It’s About Time (to talk SQL)
One of the reasons I came to Interana was because I missed analytics and statistics. In grad school, I spent more hours than I care to recall hacking S and S-Plus. Early in my career I also worked with relational databases and taught courses around SQL programming. But in the last 20 years I’ve only occasionally dabbled with SQL and R. I’m also relatively new to behavioral analytics. For both those reasons, I want to blog about SQL in behavioral analytics to refresh my knowledge and learn more about both.
Interana doesn’t use SQL in the event analysis data path or as an interface for our users. We provide users an intuitive Visual Query Builder which we translate into parallelized instructions optimized for time series data. We also let users graphically create flexibly defined behavioral constructs (e.g., cohorts, metrics, sessions, funnels, etc.) as reusable named expressions. Our users create and refine powerful queries without being technical or knowing how to code.
If that’s the case, why write about SQL? One reason is to share our perspective. Another is to explore alternative views. My goal is also to better understand the state of SQL for Behavioral Analytics: essentially, how SQL handles a time-ordered sequence of actions by actor. Whether you love or hate using SQL for analytics, we want to hear your perspective. How do you address some of the challenges? Is it all working just fine? Have you tried SQL but needed to hand off the task to an expert? If so, where did things get stuck and what alternatives did you consider? How long did it take you to ask follow-up questions? Please comment. I’m definitely hoping for an interactive discussion.
This blog post focuses on the concept of time and how SQL interacts with time series data. When our founder, Bobby Johnson, ran infrastructure at Facebook, he found that all of the important questions were about how things behaved over time. His experience made it clear that these are the questions that matter most to businesses. As more of the economy moves online and becomes subscription-based, understanding events over time is more important than ever. Looking at user behavior over time allows organizations to make better decisions and increase revenues. Time series data allows you to understand the actions people, products, and machines make over time. With that in mind, let’s dive in!
What Do We Mean by SQL?
SQL is often used as shorthand to refer to many different things, so it’s helpful to align our understanding. Those three little letters can refer to a standardized language definition, a particular product, an interpreter implementation, a database, etc. SQL was originally designed in the 1970’s for working with normalized relational databases. Over time, SQL as a language was standardized and that standard periodically updated to address evolving business needs. Different versions of the SQL standard support different capabilities and slightly different syntax. In addition, there are many implementations of SQL interpreters and query engines. Popular SQL implementations deviate from the standards in minor and major ways, so just because the SQL standard defines something doesn’t mean that it’s available in a particular solution or that the feature will work the same way between two different implementation.

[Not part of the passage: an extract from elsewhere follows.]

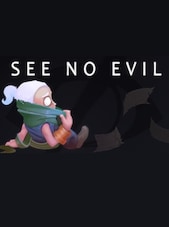 See No Evil PC Steam Schlüssel GLOBAL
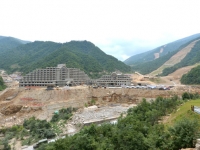 Откроется ли первый горнолыжный курорт в Северной Корее в объявленные сроки?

When it comes to time, SQL is primarily good at answering point in time questions. Often this relates to the state of the database at the time of the query (e.g., tell me about this order and the customer). The latest standardized version is SQL:2011 which finally added temporal support to the SQL standard. It can potentially add time intervals to each record and essentially allows the database to be versioned by time. The new capability supports asking point of time questions on previous states of the database and on specific intervals of time. The SQL:2003 standard introduced Window Functions, which enable queries to perform certain types of ordered operations using the “OVER” clause. The clause specifies a “window” over which the calculation should be performed, and allowed certain cross-row calculations that are useful for Top-N queries and basic sessionization. Prior to that, SQL-92 added notions of date, time, timestamp, and interval — the point-in-time and interval-based concepts of interest to database experts at the time. Earlier versions of the SQL standard didn’t have any native notions of time data and primarily worked with times as integers or strings.
From the perspective of somebody developing applications with SQL, there are three types of time-related queries:
- Point-in-Time — SQL works well for these queries
- Time Interval — Questions related to earlier points in time, and questions related to (essentially) counting what happened during a particular time interval. Newer versions of SQL have support for these questions and are slowly being deployed in more production environments.
- Sequences of events over time — No native SQL support or concepts.
It’s the third kind of query that’s most important for answering behavioral questions.
SQL Isn’t Designed for Time
Recall that SQL is based on sets and sets are inherently unordered. SQL doesn’t assume or use any order in the sets of rows it scans for a query. Newer versions of SQL that work with time still have no native notion of time sequence. In contrast, behavioral analytics is focused on sequences of actions initiated by actors over time. The order of those actions is essential. So is being able to smoothly unravel all recorded actions into sequences by actor.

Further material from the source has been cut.